You look wistfully at your first born as she bids you goodbye for school. You see your kumare, who just gave birth, holding her new baby in her arms, and all of a sudden you feel a pang of longing.
Before you go daydreaming, remember that the decision to have a second child does not solely rest on you and your partner alone this time. You also have to think about how it's going to affect your firstborn.
1. Preparing the big brother or sister When you’re expecting, it's important to involve the older sibling in the developments of your pregnancy as much as possible. Talk to him and explain the changes your body is undergoing, the most obvious of which is your growing belly. Bring hem to your doctor's appointments and show him the ultrasound results. Make him feel excited about it and if he is old enough, ask him to express how he feels about having a younger sibling. This will not only keep him from feeling left out, it will also drive home the point that the arrival of the new family member is something to look forward to.

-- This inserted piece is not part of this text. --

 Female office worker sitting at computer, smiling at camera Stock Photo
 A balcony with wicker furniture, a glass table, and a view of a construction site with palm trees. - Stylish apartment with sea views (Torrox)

2. From bunso to doting sibling When the baby gets home, it is expected that all members of the household and other visiting family and friends will have their eyes on the newcomer. Be careful not to neglect your firstborn; give him attention, too. Include him in conversations and let him welcome the baby in his own brotherly way. If you want to take it a step further, give him a task to give him a sense of responsibility; for example, ask him to sing a song for the baby or hand you the diaper during changing time. As long as he can feel that family members are treating him and his sibling the same way, and that he is given importance with his role as the family's new Ate or Kuya, he should not feel forgotten or out of place.